Table of contents for 10 Ways To Take A Stand Against Ignorance
- The ultimate question, the ultimate answer
- The ultimate stand against ignorance
- Who’s pulling your chain?
- Don’t be part of the choir, no matter who’s preaching
- Go to the source
- Check it out. Check everything out.
- Your own library
- Look at your world
- Break on through to the other side
- Explore strange new worlds
- Support knowledge expansion
- Introduction
It may seem paradoxical, in light of the previous entry’s suggestion that one may take a stand against ignorance by watching more TV, that today’s suggestion is: Stop relying on radio, television and/or the internet as your primary source for news and current events.
By their very nature, such media can’t provide background, careful analysis or in-depth reporting. There just isn’t time. People get bored. The advertisers won’t go for it. Broadcasters aren’t journalists, they’re entertainers. You know the drill.
But in the end, it’s mostly true. There is no time in a half-hour show to explain the buildup to this or that current event and put things in perspective. A “personality” who does commentary on the news of the day isn’t going to stick around long if he or she doesn’t entertain the audience (usually at the expense of actually informing them). Advertisers have to consider what will sell, and extend or withdraw their support accordingly.
The result is that people who rely on broadcasters to tell them what’s what, are likely going to end up as #1 on YouTube trying to explain why nobody can find anything on a map.
The first and best thing one can do to take a stand against this kind of ignorance is to subscribe to a weekly news magazine called, appropriately, The Week. This is no ordinary news magazine. Its stories are short and well written. But what makes this magazine stand head and shoulders above any other is that its staff incorporates news stories from a huge range of other publications, and in any controversial issue includes multiple voices from all sides. There are also excerpts from newspapers and magazines published around the world, so the reader can see exactly what other people think.  “The Week” doesn’t favor any particular point of view. They do report all sides. There’s no better way to look at the issues and make up your own mind–and learn something in the process.

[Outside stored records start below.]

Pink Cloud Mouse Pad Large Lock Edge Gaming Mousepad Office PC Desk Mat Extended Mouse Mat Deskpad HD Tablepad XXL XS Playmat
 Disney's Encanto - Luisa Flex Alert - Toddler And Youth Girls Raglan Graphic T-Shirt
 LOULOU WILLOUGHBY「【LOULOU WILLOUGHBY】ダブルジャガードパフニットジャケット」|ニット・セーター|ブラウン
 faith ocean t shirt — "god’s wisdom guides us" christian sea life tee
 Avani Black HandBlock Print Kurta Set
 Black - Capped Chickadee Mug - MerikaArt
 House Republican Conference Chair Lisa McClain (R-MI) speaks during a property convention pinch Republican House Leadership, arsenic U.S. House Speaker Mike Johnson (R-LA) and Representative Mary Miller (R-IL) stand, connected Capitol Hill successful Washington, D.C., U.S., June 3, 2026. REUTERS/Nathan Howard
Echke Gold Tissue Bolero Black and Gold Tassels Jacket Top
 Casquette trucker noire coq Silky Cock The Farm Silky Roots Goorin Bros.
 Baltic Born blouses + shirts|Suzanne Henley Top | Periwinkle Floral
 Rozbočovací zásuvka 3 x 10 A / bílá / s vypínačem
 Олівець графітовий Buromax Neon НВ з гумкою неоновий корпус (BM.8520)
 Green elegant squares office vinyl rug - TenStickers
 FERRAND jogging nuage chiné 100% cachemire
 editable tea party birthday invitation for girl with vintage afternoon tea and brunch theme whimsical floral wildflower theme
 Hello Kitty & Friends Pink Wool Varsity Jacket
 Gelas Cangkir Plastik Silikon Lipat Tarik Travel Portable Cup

In addition, if you’re not a regular reader of daily newspapers, now would be a good time to start. Newspapers may report the same stories the TV newscasters do, but a newspaper can give you more. A TV story has to be cut short to fit in the time available. A newspaper can give you what Paul Harvey calls “the rest of the story.” Newspapers are not as free of editorial bias as “The Week,” of course. But they do reflect the sentiments of the communities in which they are based. And, of course, if you disagree with the paper’s point of view, you can always write a letter to the editor and tell them why. There’s not much chance of getting your letter read on a newscast, but if you can write a coherent sentence, you stand a good chance of getting published in the paper.
As for getting information from the internet–well, you can find both the best and the worst here. The ecstasy and the agony of the internet both come from the fact that anybody can post anything they want. You can find information that comes from the most highly respected authorities in any field, and you can find a lot more information from wackos with axes to grind and tinfoil hats.  And it’s all right there at the click of a mouse.  We can easily find ourselves so overloaded with conflicting points of view that we end up knowing no more than when we started out–and being a lot more confused thereby.
Take a stand against ignorance by refusing to accept the sound-bite or the sound-byte version of any story. Get the big picture. You might be astonished by what’s being left out.